# Rabbit and Raccoon Swimming in the River



## PixelRabbit (Aug 20, 2012)

A couple days ago we were sitting on the deck and I noticed something on the river.  
It looked "odd" so I grabbed my camera and snapped a couple shots.  Much to my surprise it was a rabbit!









I looked up rabbits and swimming because I  never really put the two together.  Found out that they don't like it much but will do it to get away from a predator.

A little while later in the day we heard a big ruckus up river. Whatever it was didn't sound happy, it sounded like it was fighting for it's life.  Again I grabbed the camera and this time found a raccoon in the river.

I'm not sure what is on the shoreline around here going after everyone, it is obviously pretty nasty and perhaps uninterested in getting in the river?


----------



## Tony S (Aug 20, 2012)

Is Loch Nessy next?  Keep your camera handy just in case.

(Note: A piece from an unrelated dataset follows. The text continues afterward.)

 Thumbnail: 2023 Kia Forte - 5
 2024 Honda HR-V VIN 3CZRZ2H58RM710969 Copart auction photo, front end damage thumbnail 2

Thanks for showing something I've never even thought about happening. Never seen a rabbit in the water swimming before either.


----------



## yv0nne (Aug 20, 2012)

That is so neat. Glad the little bun got away!


----------



## pgriz (Aug 20, 2012)

You have bobcats around?


----------



## Jaemie (Aug 20, 2012)

Of course, President Carter narrowly survived a swimming killer rabbit:  

[video]http://politicalticker.blogs.cnn.com/2010/11/21/jimmy-carter-explains-rabbit-attack/[/video]


----------



## PixelRabbit (Aug 21, 2012)

Thanks everyone 

Pgriz, there are reports of bears, cougars, wolves, lynx (in the winter mostly) etc... In the area. We hear coyotes most nights too. We haven't seen any of these gorgeous creatures yet but we have our eyes peeled, especially at night.

Jaemie, lol I saw that when I looked up rabbit's swimming, damn killer bunnies! Run away!!


----------